EXERCISE INSTRUCTIONS:
Return the data below unchanged. Drop any pictures.

Web page caption snippets:
────
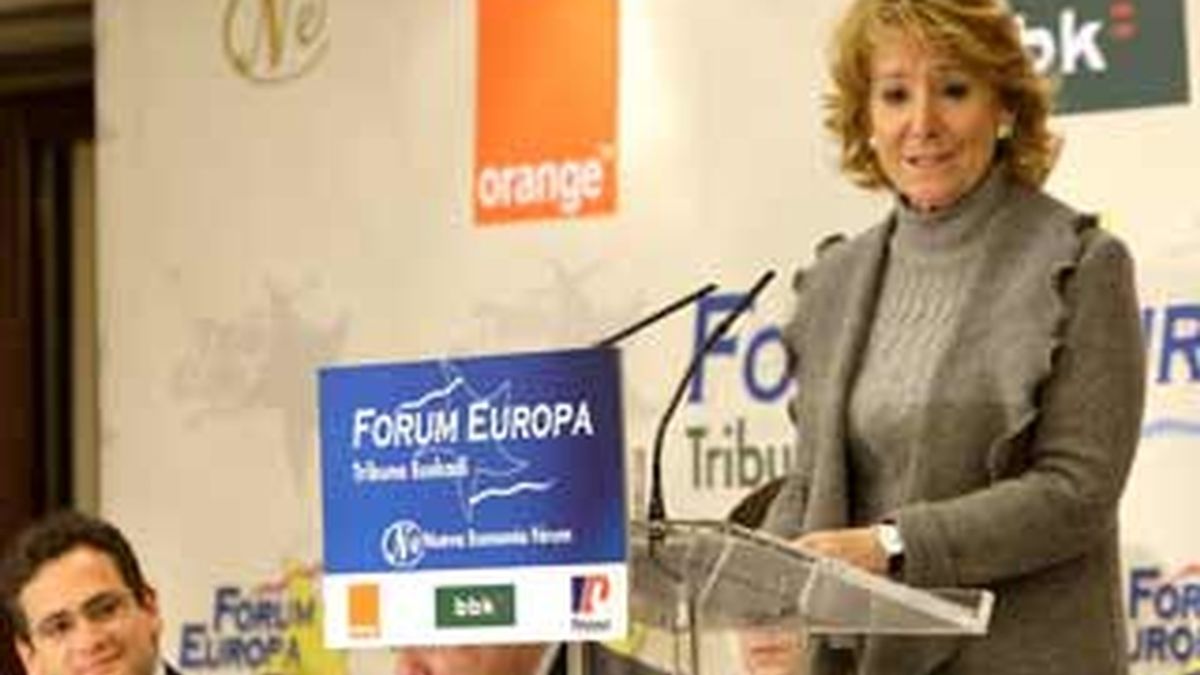 La presidenta de la Comunidad de Madri, Esperanza Aguirre, en Bilbao. Foto: EFE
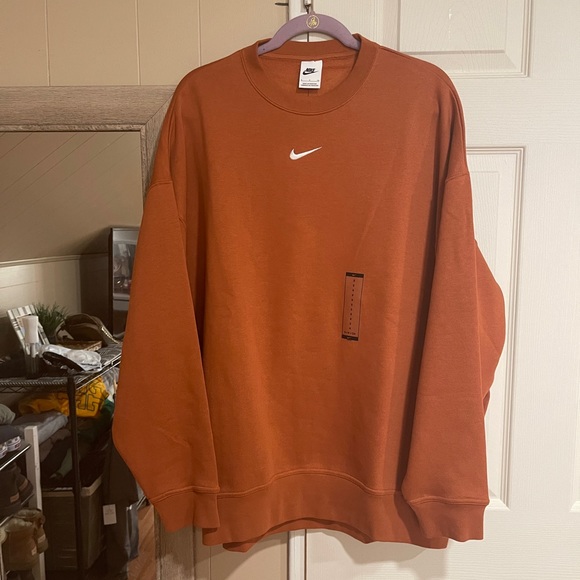 Nike Tops - Nike Oversized Sweatshirt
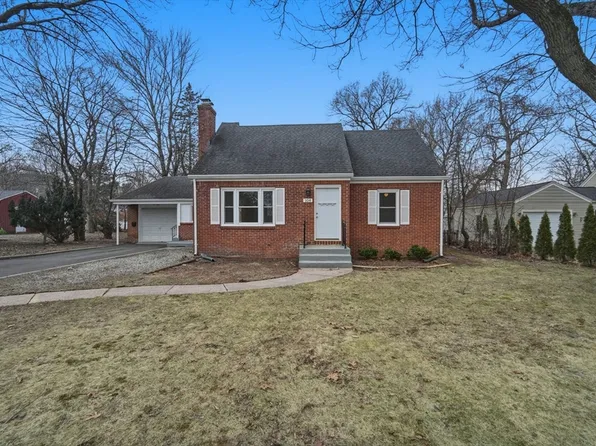 104 Pittroff Ave, South Hadley, MA 01075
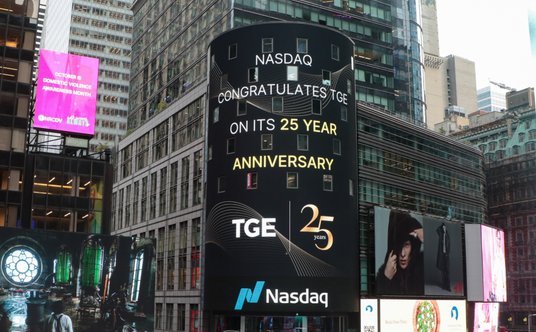 25- lecie TGE uwiecznione na nowojorskiej giełdzie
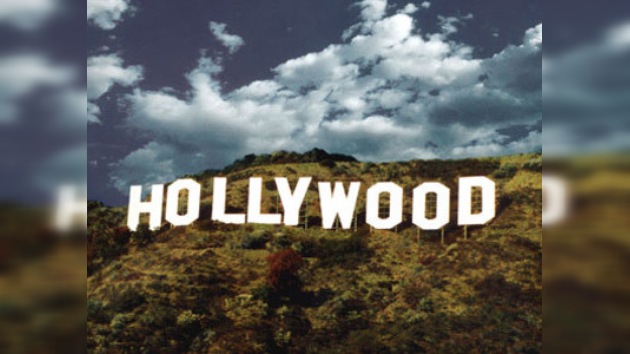 El 'padre de Playboy' salva el famoso letrero de Hollywood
────
SOLUTION FOR THIS TASK:
 La presidenta de la Comunidad de Madri, Esperanza Aguirre, en Bilbao. Foto: EFE
 Nike Tops - Nike Oversized Sweatshirt
 104 Pittroff Ave, South Hadley, MA 01075
 25- lecie TGE uwiecznione na nowojorskiej giełdzie
 El 'padre de Playboy' salva el famoso letrero de Hollywood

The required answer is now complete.